Después iglesias alineados con Nestorio, en torno a la Escuela de Edesa, rompió con la Iglesia ortodoxa, convirtiéndose en una secta independiente. Anathemized en el Imperio Romano, que se trasladó a Persia sasánida, donde fueron recibidos por los cristianos persas que ya habían declarado su independencia de Constantinopla, en un intento de deshacerse de las acusaciones de lealtad extranjera. La Escuela de Edesa se trasladó a la ciudad persa de Nisibis, después de un centro de nestorianismo.
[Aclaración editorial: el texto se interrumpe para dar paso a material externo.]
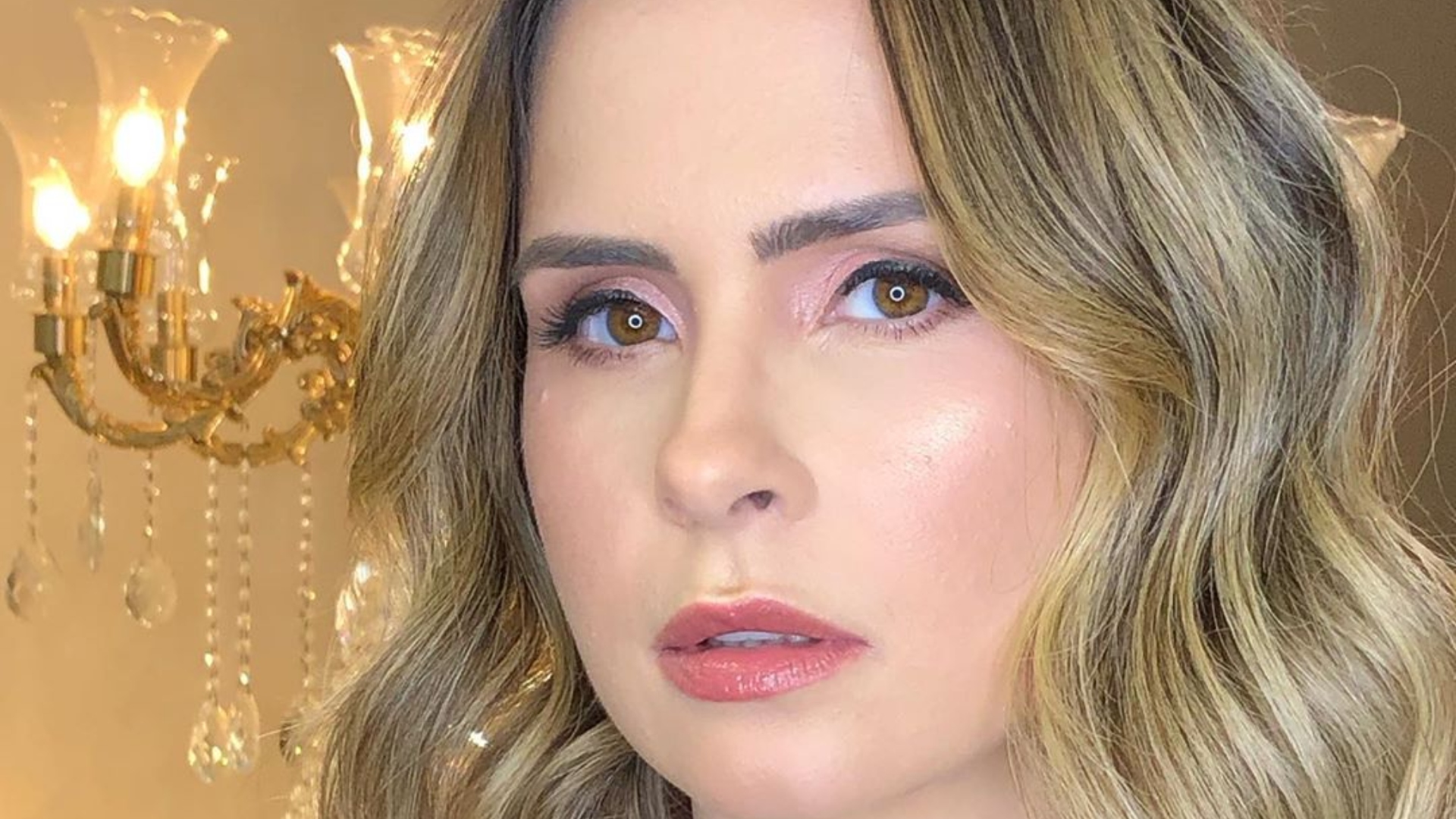 Ana Paula Renault quebra o silêncio e fala sobre possível entrada no BBB20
En 484 los sasánidas ejecutaron el pro-bizantino Catholicos Babowai y lo reemplazaron con el obispo nestoriano de Nisibis Barsauma, que puso fin a los vínculos entre el cristianismo Persa y el Imperio Romano. A partir de entonces nestorianismo extendió ampliamente por Asia, ganando presencia en la India, Asia Central, el territorio mongol, y China. El movimiento nestoriana medieval sobrevive en la Iglesia Asiria de Oriente, se practica más ampliamente en Irán, Irak y Siria.